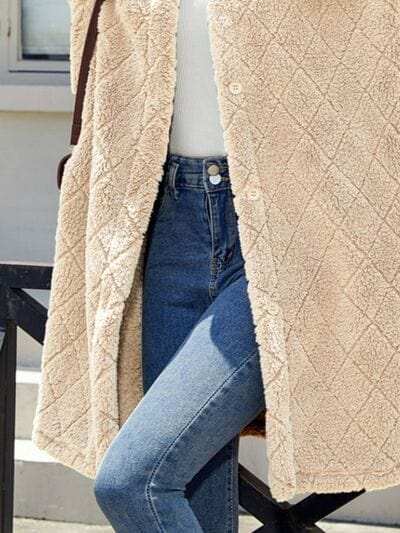 Texture Button Up Dropped Shoulder Coat - Trendsi - Flyclothing LLC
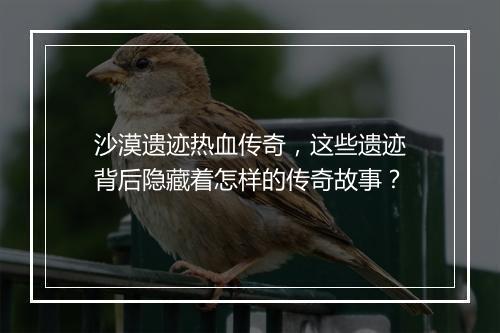 沙漠遗迹热血传奇，这些遗迹背后隐藏着怎样的传奇故事？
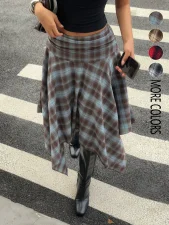 SC Plaid Printed Irregular Mid-skirts GSRX-1033
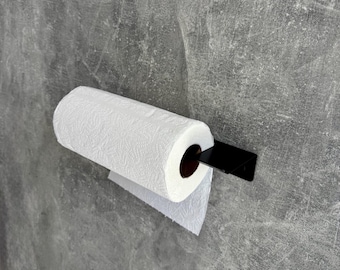 Portarrollos de papel higiénico de pared, de metal negro, para cocina o baño
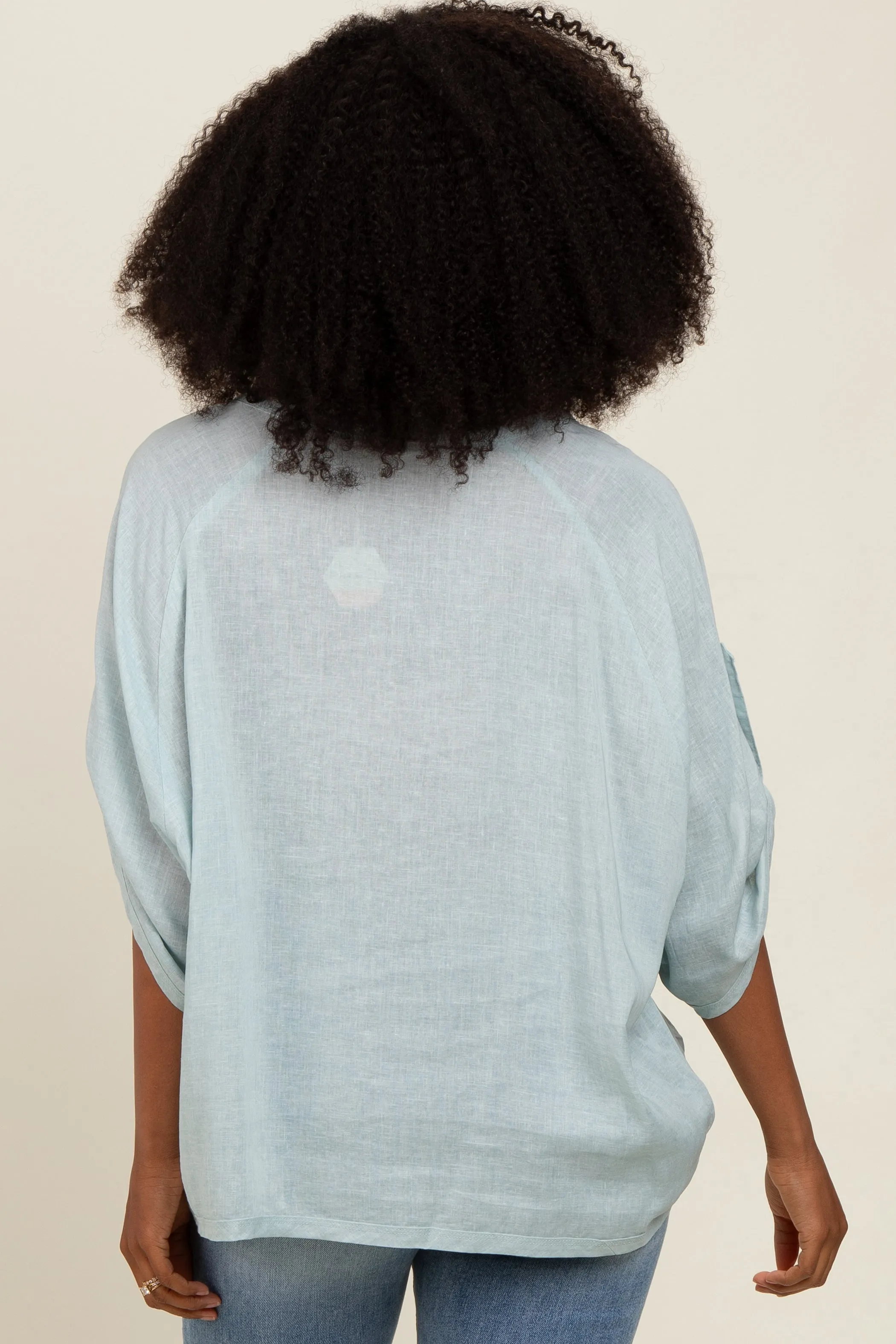 Light Blue Rolled Cuff Short Sleeve Top sold by Pinkblush product image thumbnail 4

### TASK TO CARRY OUT:
What the answer must hold is the exact text of every line from the one containing "Portarrollos de papel" through the end of the data, minus any pictures.

### RESPONSE:
 Portarrollos de papel higiénico de pared, de metal negro, para cocina o baño
 Light Blue Rolled Cuff Short Sleeve Top sold by Pinkblush product image thumbnail 4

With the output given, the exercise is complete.